P.S.: I also removed Java support on my machine.

Paul

----------


## Sjoeii

just curious. Anyone using safari browser?

----------


## aintrust

@ *Sjoeii*

Sure... =)

----------


## Sjoeii

haha and what do you think?

----------


## aintrust

Safari is the best browser I've ever seen on my iPhone... =)))

----------


## Sjoeii

haha
I hope I can test that version later this week when I receive mine ;-)

----------


## Simple10

however, the most common avenue of exploitation is via Internet Explorer.
Internet Explorer 5.x, 6.x and 7 running on all versions of Windows are affected.

As plug-ins are generally used to enable access to third party file formats, many plug-in vulnerabilities apply to all compatible browsers on all operating systems. Any web browser running on any version of any operating system is potentially vulnerable.

- www.sans.org/top20/#c1

Could you be more specific on these procedures (would like to impliment them).

"That's why, even while Firefox is my default browser, I locked IE down completely, and blocked it from Internet access (it's on a proxy to remote address 0.0.0.0, and I disabled the ability for most programs to launch others in the HKEY_CLASSES_ROOT section of the registry by deleting the Shell/Open/Command-parameter. This *is* risky if you don't know what you're doing, but it's the best defense you can imagine against spyware trying to silently run applications.
P.S.: I also removed Java support on my machine." -Paul

----------


## Sjoeii

> Safari is the best browser I've ever seen on my iPhone... =)))

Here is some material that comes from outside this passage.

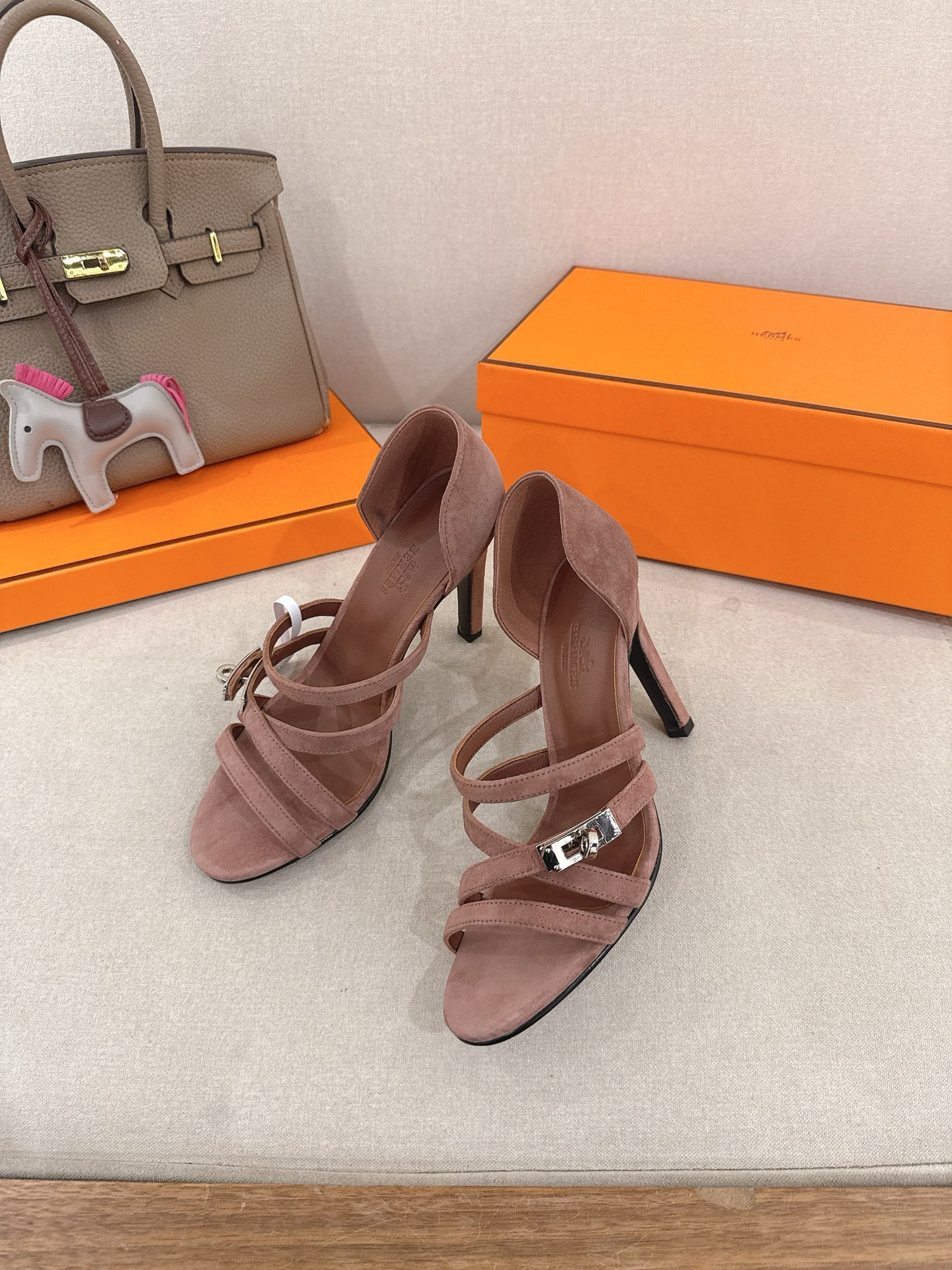 ua H**me5 lipstick 105 sandal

I have my iPhone now for couple of days and must admit. safari works great

----------


## Simple10

> That's why, even while Firefox is my default browser, I locked IE down completely, and blocked it from Internet access (it's on a proxy to remote address 0.0.0.0, and I disabled the ability for most programs to launch others in the HKEY_CLASSES_ROOT section of the registry by deleting the Shell/Open/*Command*-parameter. This *is* risky if you don't know what you're doing, but it's the best defense you can imagine against spyware trying to silently run applications. 
> P.S.: I also removed Java support on my machine.
> 
> Paul


I have vista. How do I do that with the registry? PM if you don't want to post. How do I get rid of java support, Add/Remove? I thought I needed IE for Windows Updates.

----------


## harrybro

It has to do with the way your browser launches arbitrary programs when special URLs containing the % character are clicked on.

----------